(WHAT THIS TASK INVOLVES) Where "Double" occurs in a line of the entries below, copy that line.

=== DATA FOR ANALYSIS ===

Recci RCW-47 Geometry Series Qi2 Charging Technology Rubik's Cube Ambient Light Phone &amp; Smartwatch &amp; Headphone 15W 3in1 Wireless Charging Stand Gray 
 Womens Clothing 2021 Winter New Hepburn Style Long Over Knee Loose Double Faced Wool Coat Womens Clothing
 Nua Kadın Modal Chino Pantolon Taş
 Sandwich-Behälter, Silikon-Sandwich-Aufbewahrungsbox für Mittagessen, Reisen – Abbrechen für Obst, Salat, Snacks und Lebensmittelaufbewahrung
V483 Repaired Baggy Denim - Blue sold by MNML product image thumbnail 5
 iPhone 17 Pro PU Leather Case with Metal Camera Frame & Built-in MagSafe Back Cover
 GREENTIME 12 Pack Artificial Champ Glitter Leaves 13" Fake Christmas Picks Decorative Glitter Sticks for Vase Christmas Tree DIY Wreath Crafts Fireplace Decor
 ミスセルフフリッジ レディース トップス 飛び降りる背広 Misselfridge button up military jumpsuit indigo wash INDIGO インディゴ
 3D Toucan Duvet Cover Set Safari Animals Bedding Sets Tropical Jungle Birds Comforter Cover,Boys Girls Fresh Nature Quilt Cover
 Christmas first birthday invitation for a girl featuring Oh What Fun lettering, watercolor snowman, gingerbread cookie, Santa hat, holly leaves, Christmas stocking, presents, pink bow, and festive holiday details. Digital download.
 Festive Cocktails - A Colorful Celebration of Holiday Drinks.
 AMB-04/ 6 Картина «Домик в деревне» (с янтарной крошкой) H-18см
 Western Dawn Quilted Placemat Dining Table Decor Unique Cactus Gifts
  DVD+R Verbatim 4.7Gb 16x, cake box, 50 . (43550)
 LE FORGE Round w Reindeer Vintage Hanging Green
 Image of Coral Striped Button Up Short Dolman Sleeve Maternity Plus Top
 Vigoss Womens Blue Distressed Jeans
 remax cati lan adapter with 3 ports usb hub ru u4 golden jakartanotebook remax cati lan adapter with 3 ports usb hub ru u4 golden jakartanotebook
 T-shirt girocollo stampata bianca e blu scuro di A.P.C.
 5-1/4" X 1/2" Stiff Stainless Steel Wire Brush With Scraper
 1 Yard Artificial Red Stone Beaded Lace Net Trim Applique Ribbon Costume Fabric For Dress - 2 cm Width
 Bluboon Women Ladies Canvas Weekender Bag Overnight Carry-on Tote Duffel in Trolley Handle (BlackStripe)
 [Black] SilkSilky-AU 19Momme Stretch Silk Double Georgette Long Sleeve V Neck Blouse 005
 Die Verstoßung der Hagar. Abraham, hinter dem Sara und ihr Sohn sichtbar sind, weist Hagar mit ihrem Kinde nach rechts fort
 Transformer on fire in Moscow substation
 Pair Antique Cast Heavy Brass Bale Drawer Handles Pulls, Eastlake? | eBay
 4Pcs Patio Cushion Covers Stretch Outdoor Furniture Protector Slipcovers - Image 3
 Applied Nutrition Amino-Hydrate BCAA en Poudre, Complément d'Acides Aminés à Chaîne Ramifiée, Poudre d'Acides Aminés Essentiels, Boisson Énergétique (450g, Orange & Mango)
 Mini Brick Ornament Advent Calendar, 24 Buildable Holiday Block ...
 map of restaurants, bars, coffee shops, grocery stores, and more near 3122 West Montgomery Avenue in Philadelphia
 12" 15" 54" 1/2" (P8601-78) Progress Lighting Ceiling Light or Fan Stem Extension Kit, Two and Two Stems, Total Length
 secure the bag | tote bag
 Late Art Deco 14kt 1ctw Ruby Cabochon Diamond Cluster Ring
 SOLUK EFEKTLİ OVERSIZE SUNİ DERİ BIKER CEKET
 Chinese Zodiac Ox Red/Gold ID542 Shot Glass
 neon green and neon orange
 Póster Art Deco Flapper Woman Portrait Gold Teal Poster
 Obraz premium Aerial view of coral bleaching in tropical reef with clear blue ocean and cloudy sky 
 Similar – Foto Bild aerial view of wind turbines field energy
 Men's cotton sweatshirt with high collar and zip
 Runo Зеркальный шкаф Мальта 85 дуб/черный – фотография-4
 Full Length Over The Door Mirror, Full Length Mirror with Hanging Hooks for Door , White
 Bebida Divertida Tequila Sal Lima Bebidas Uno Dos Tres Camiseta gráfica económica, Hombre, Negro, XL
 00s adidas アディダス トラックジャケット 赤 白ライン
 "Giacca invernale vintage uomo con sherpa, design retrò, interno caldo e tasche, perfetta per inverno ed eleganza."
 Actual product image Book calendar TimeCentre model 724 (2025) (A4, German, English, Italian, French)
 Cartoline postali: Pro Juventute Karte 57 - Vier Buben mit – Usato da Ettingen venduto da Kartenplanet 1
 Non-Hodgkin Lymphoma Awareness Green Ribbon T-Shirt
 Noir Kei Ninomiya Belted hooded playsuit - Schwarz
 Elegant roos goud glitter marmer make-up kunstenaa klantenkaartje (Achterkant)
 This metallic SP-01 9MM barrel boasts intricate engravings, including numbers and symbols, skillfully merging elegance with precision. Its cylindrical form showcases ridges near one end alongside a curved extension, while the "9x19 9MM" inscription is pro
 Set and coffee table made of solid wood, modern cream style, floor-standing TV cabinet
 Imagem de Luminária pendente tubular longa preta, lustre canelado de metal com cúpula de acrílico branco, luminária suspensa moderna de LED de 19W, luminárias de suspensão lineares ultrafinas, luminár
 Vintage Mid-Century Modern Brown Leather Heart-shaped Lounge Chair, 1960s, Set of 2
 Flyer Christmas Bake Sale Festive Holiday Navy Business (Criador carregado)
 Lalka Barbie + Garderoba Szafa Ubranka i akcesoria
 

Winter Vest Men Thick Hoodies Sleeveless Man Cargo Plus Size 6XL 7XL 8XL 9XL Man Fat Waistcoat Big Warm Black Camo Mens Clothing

===

(WRITTEN SOLUTION)
 Womens Clothing 2021 Winter New Hepburn Style Long Over Knee Loose Double Faced Wool Coat Womens Clothing
 [Black] SilkSilky-AU 19Momme Stretch Silk Double Georgette Long Sleeve V Neck Blouse 005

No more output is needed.